Restate the records in full and exactly, with no images included.

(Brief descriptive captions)
=-=-=-=-=

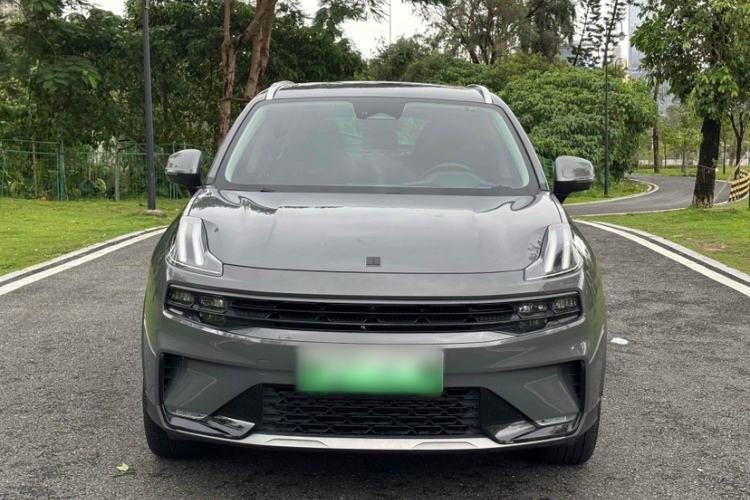 Used Lynk & Co 06 EM-P 2022 PHEV 84 km Range Pro Version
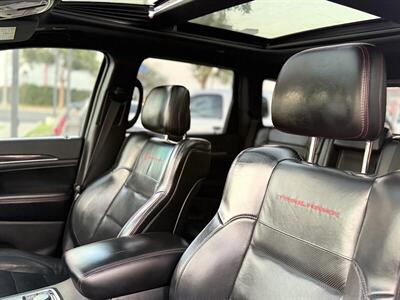 2018 Jeep Grand Cherokee Trailhawk   - Photo 22 - South Gate, CA 90280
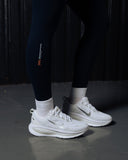 Court Essential Leggings - Navy - Pallacorda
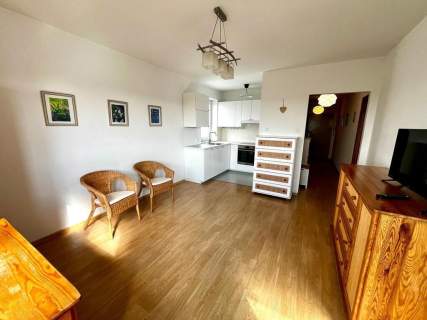 2 pokoje z balkonem - Światowida 63, Tarchomin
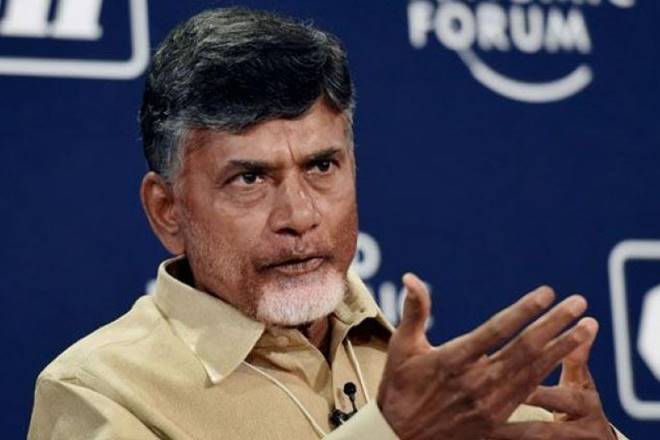 N Chandrababu Naidu, Andhra Pradesh CM, 2019 polls, HD Kumaraswamy, rahul gandhi, K Chandrasekhar Rao, HD Deve Gowda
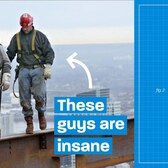 Meet The People Who Build NYC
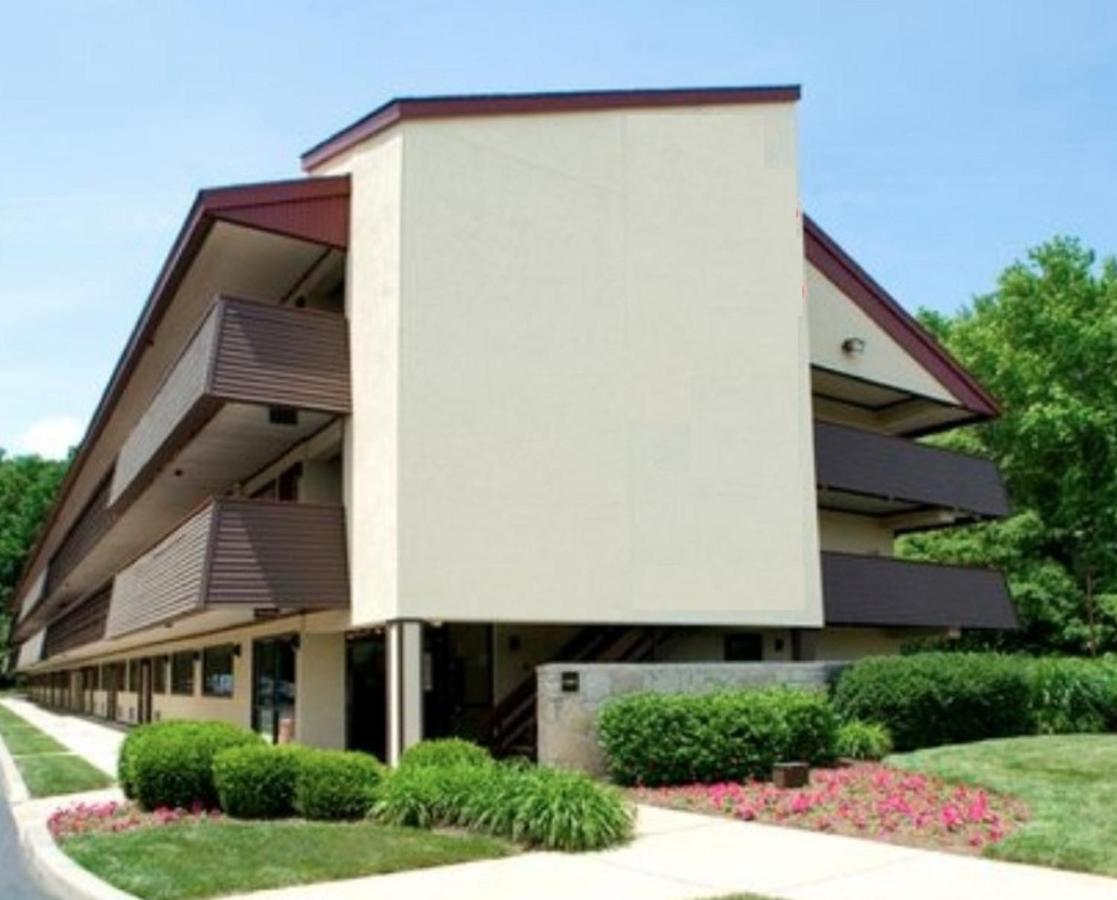 Fairbridge Inn Express Baton Rouge Exterior photo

=-=-=-=-=

# Solution for this task
 Used Lynk & Co 06 EM-P 2022 PHEV 84 km Range Pro Version
 2018 Jeep Grand Cherokee Trailhawk   - Photo 22 - South Gate, CA 90280
 Court Essential Leggings - Navy - Pallacorda
 2 pokoje z balkonem - Światowida 63, Tarchomin
 N Chandrababu Naidu, Andhra Pradesh CM, 2019 polls, HD Kumaraswamy, rahul gandhi, K Chandrasekhar Rao, HD Deve Gowda
 Meet The People Who Build NYC
 Fairbridge Inn Express Baton Rouge Exterior photo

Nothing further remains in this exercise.